We started with a single price.
Now we are mapping every wine in the world.
CruRank began with a frustration its founder, Zach Ramsay, could not shake. Fine wine has a price, yet that price hides across dozens of salerooms and is rarely shown plainly. He set out to gather it, attribute it, and put it where anyone can read it for free. What began as one clear window onto the auction market has grown into something larger. An honest record of what wine is worth, and where the best of it is poured.
In the saleroom
We gather realized prices from the auction houses themselves, captured after each sale closes. Every lot becomes a single per 750ml figure, labeled with the buyer's premium, and ranked into leaderboards that stay free for everyone. The top sales of the month, the most expensive bottles ever sold, the biggest movers, and the producers and regions that lead the market.
Collectors kept telling us the hard part was not learning a price. It was missing the bottle. So we built the want list. You describe a wine you are hunting, we watch every house you follow, and we tell you the moment it appears and again before the lot closes. Every week of capture adds to a record that only grows more complete.
On the table
Prices answer one question. The finest rooms answer another. We began reading the world's serious restaurant wine lists, the ones sommeliers labor over, and counting how often each wine appears across them. We call it the sommelier consensus. It already reads more than a thousand lists, and it grows every week.
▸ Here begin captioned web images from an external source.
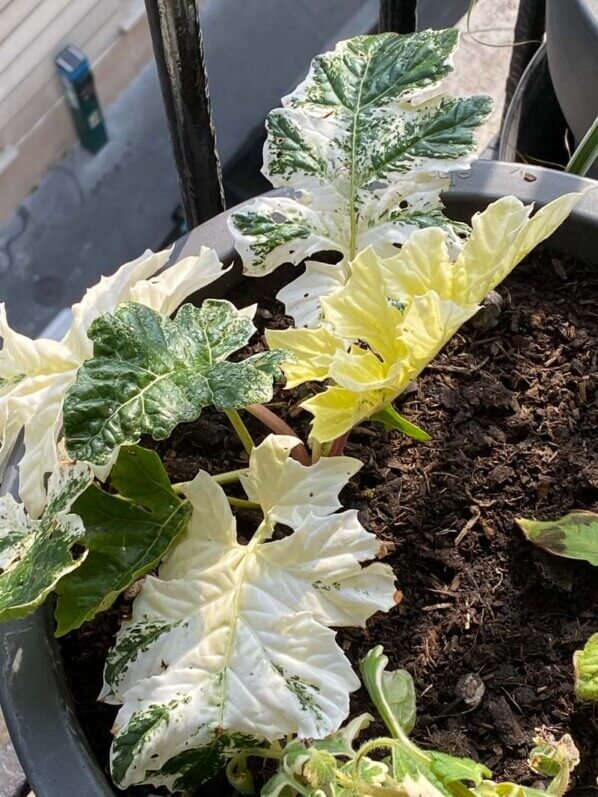 Acanthus mollis ‘Tasmanian Angel’  au printemps sur mon balcon parisien, Paris 19e (75)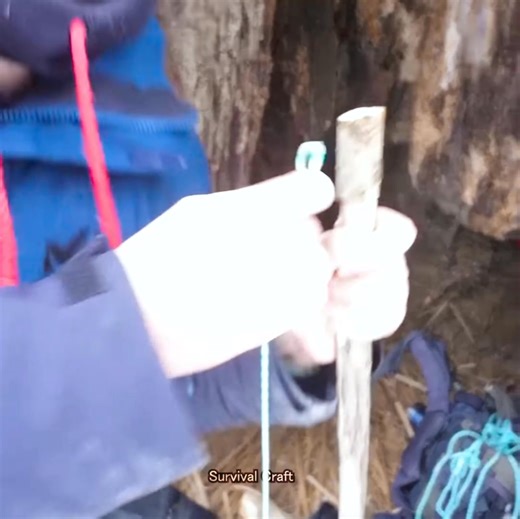 64K views · 850 reactions | Extreme Winter Overnight in a Tree Hollow _ Primitive Fire Making, Catching & Cooking Fish--003-000 | Survival Craft | Facebook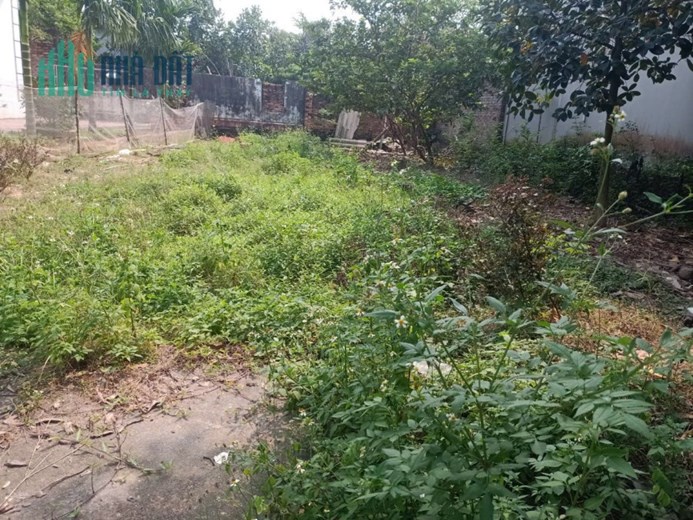 Bán 250m đất thôn Mỹ Lộc, Thanh Lâm, Mê Linh, HN. Lô góc. Oto chạy quanh. Giá 7 tỷ.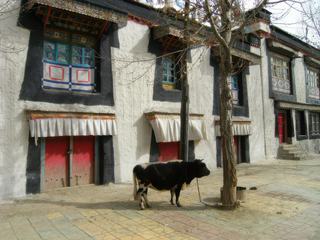 Les rues de Gyantse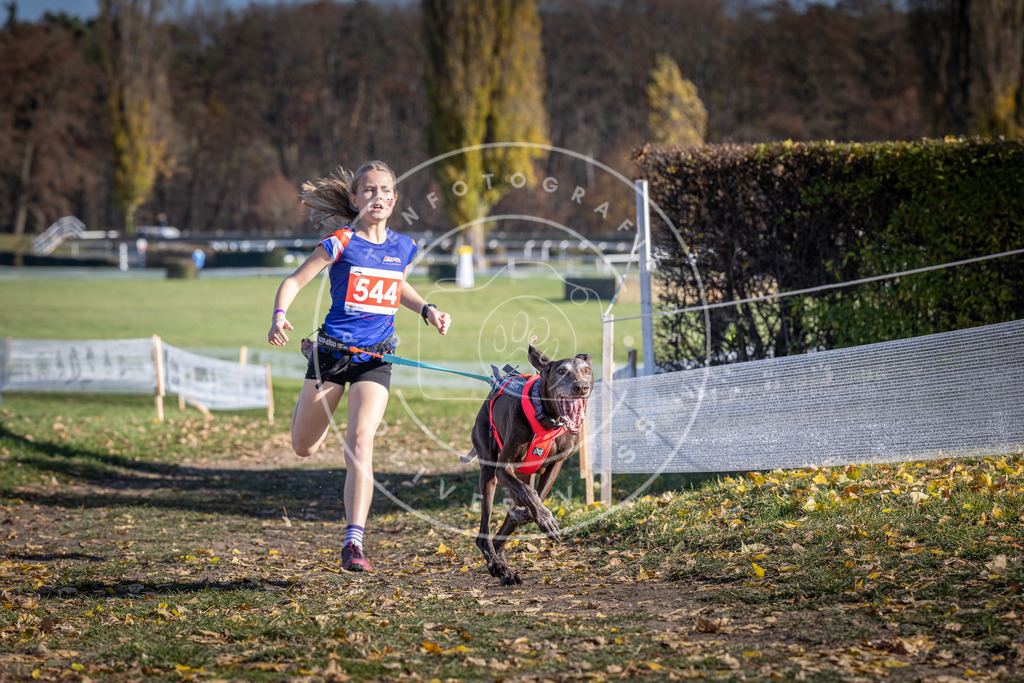 CaniXpix_DV3A8412 | Hundefotografie, Tierfotograf, Pfotenfotografie, Fotoshooting Hund, Hunde Portrait, Hundesport, Hundeportraits, Heideshooting, Hunde, Sportfotograf, Hundefotograf, Turnierhundsport, THS,  - Realisiert mit Pictrs.com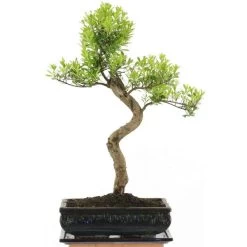 Kirschmyrte, Bonsai, 11 Jahre, 49cm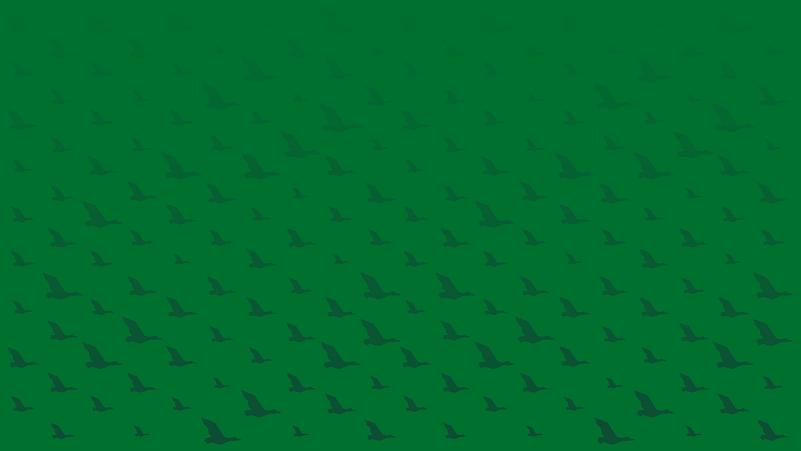 green background color gradient with soaring ducks in darker green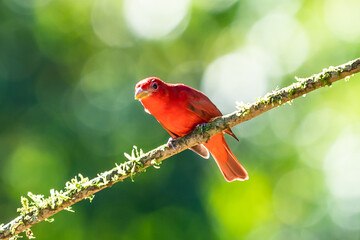 Red tanager in green vegetation. Bird on the big palm leave. Summer Tanager, Piranga rubra, red bird in the nature habitat. Tanager sitting on the big green palm tree. Wildlife scene from natur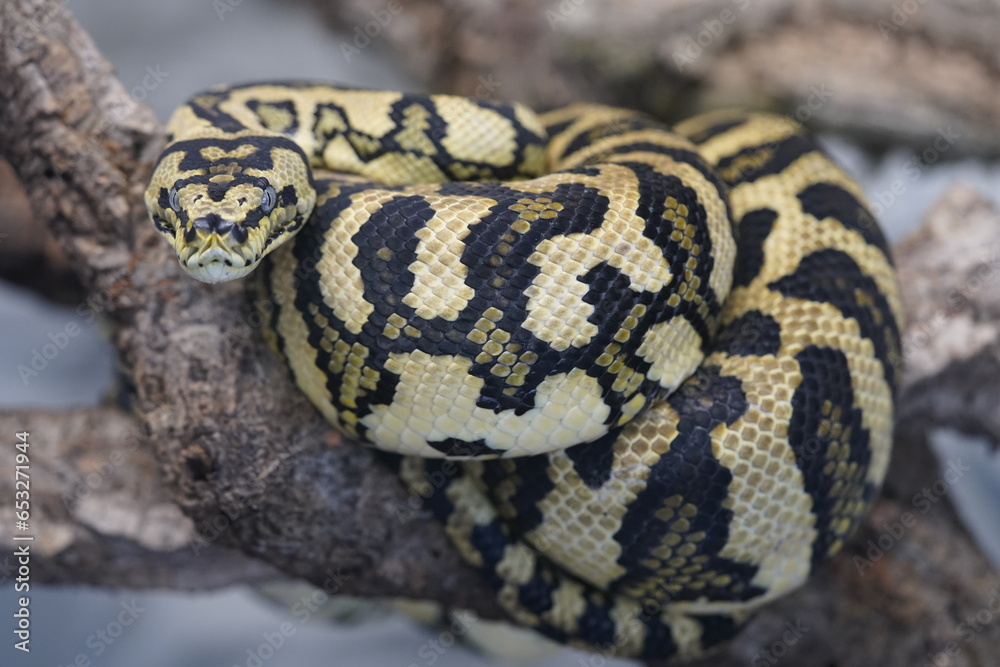 Morelia spilota, commonly known as the carpet python, is a large snake of the family Pythonidae found in Australia, New Guinea (Indonesia and Papua New Guinea), Bismarck Archipelago. Morelia spilota, commonly known as the carpet python, is a large snake of the family Pythonidae found in Australia, New Guinea (Indonesia and Papua New Guinea), Bismarck Archipelago.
We are careful about what a count can mean. A wine's standing is measured only against the lists we have truly read, never against every restaurant on earth, because we will not claim to know a list we have never seen.
The hard problem
The moment we set auctions and restaurant lists beside each other, one problem stood out above all the others. The same wine wears a hundred names. One room writes it long, another writes it short, a catalog spells the cuvée a third way, and a single great producer can scatter into dozens of fragments. If you cannot see that all of those are one bottle, every count and every price drifts a little off true.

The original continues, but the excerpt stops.